■ WORK REQUIRED:
I need the lines from the one containing "官方:克罗斯当选德国足球先生 阿隆索当选最佳教练 官方:克罗斯当选德国足球先生" through the last line of the entries retyped exactly, with no pictures among them.

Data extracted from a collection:
============

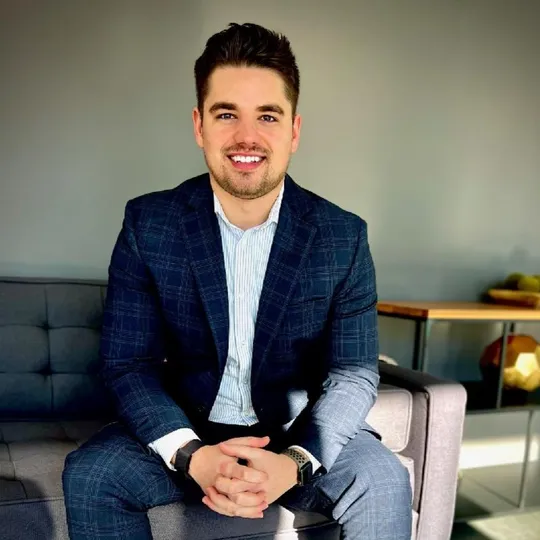 Ben Hart, Agent in  - Compass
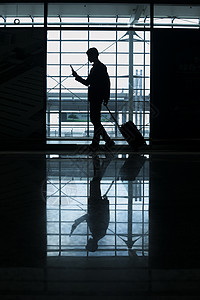 商务男士准备出发经过机场图片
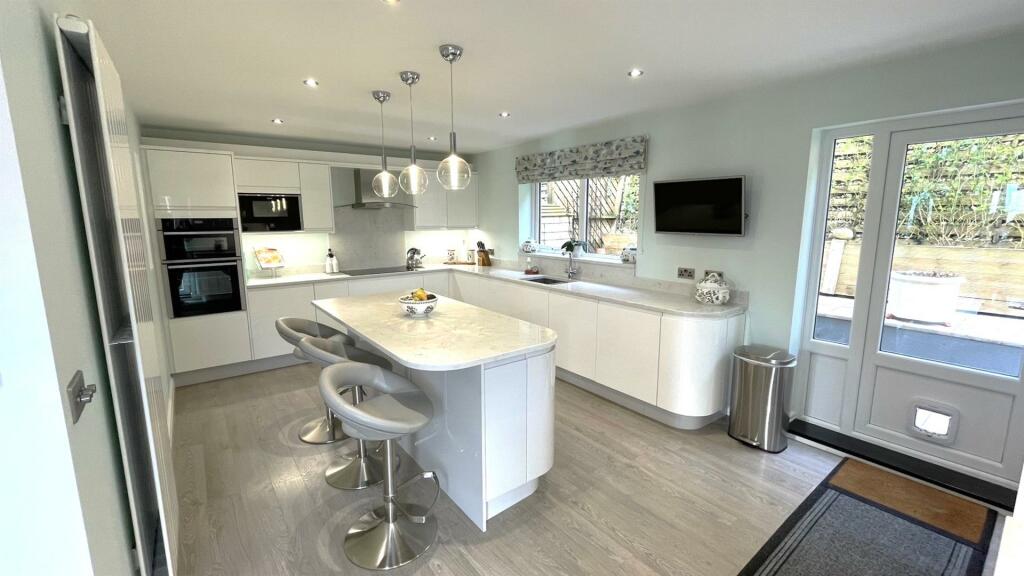 KITCHEN/BREAKFAST ROOM
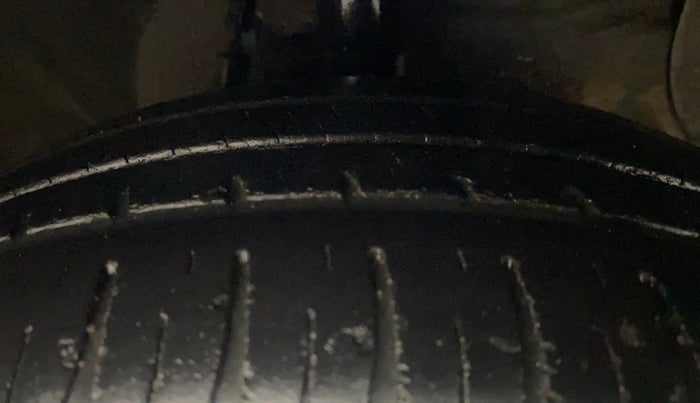 2019 Hyundai Grand i10 SPORTZ 1.2 KAPPA VTVT, Petrol, Manual, 27,746 km, Right Front Tyre Tread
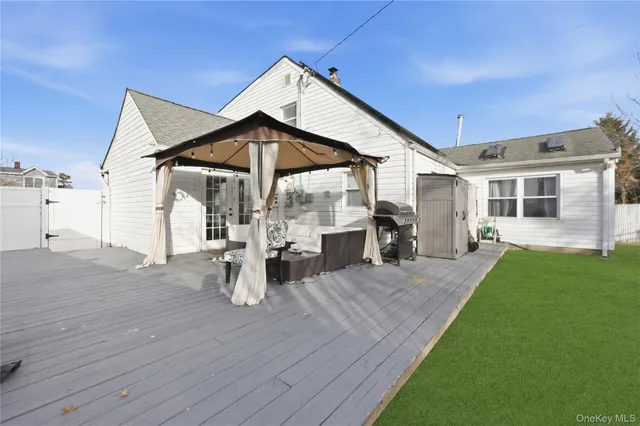 $815,000 | 54 Morning Glory Road, Levittown, NY 11756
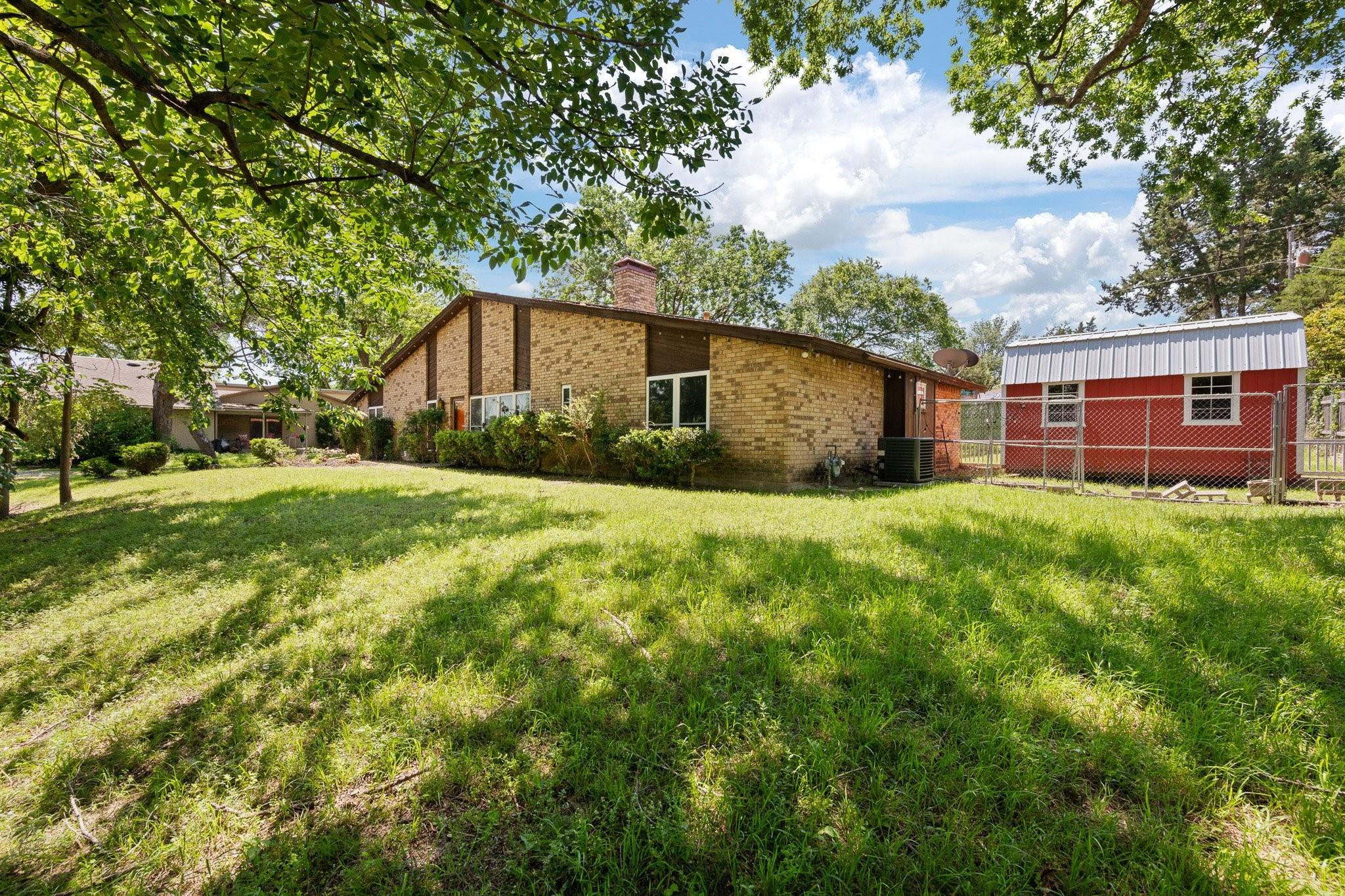 property viewer photo 2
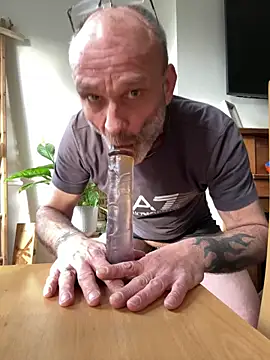 Snapshot of Shyboy817 chatting on March 20, 2026, 4:23 pm Shyboy817 online show from March 20, 2026, 4:23 pm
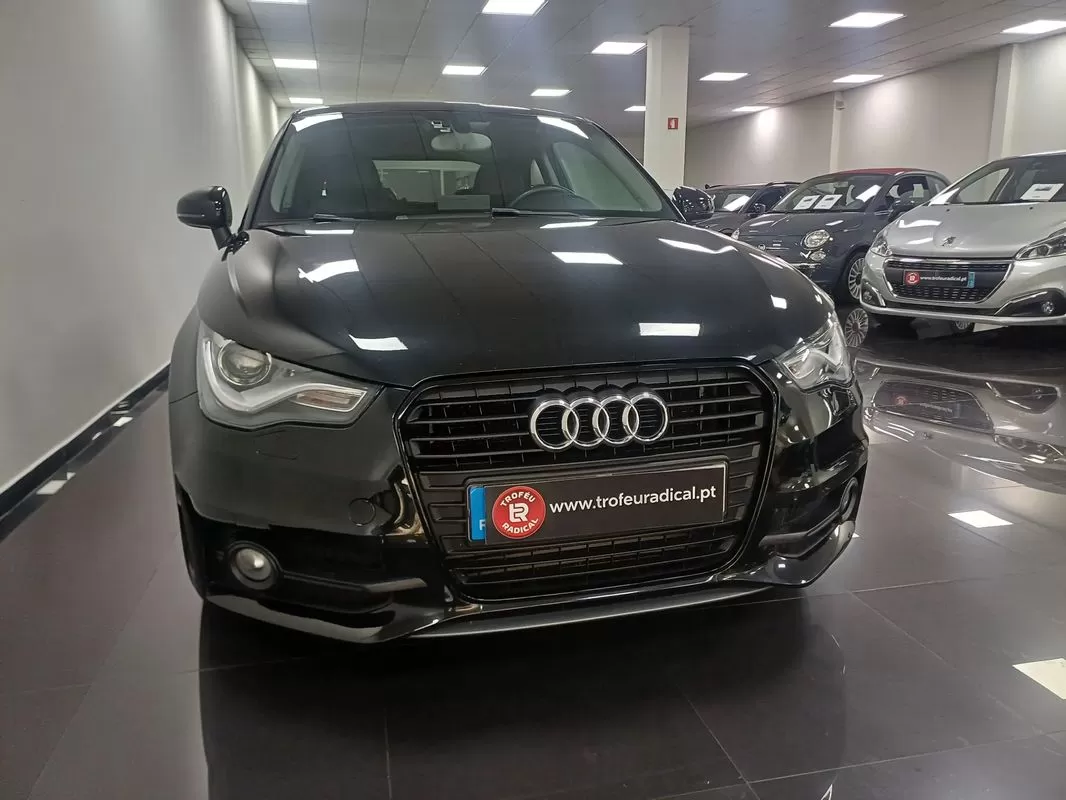 Audi A1  1 6 Tdi S Line Edition - foto 3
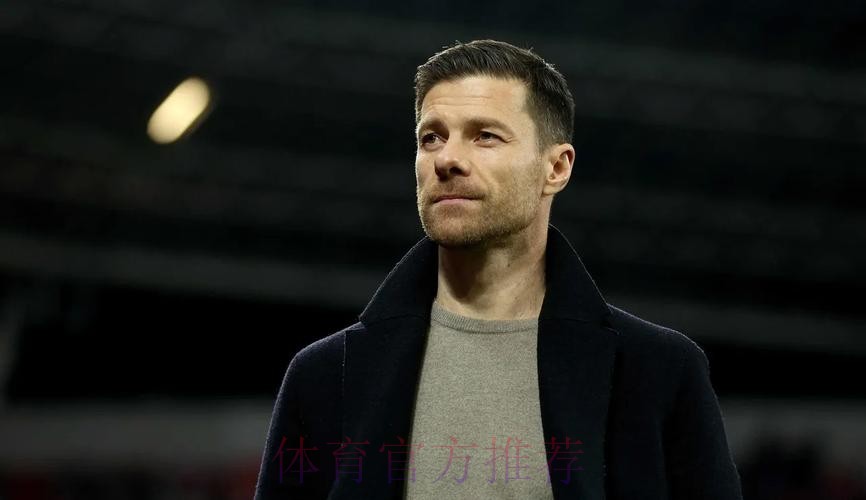 官方:克罗斯当选德国足球先生 阿隆索当选最佳教练 官方:克罗斯当选德国足球先生 阿隆索当选最佳教练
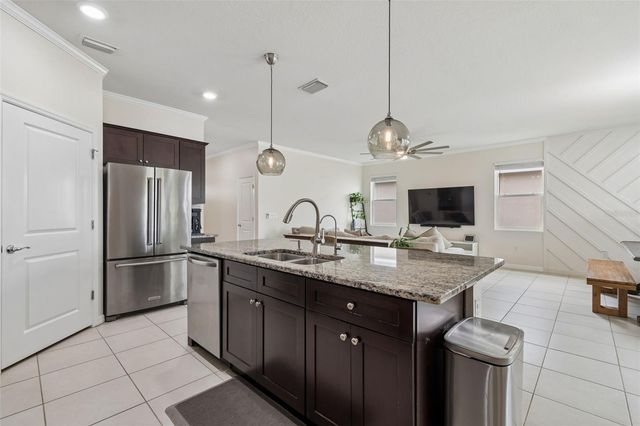 1135 PIPESTONE PLACE, Wesley Chapel, FL 33543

============

■ EXERCISE ANSWER:
 官方:克罗斯当选德国足球先生 阿隆索当选最佳教练 官方:克罗斯当选德国足球先生 阿隆索当选最佳教练
 1135 PIPESTONE PLACE, Wesley Chapel, FL 33543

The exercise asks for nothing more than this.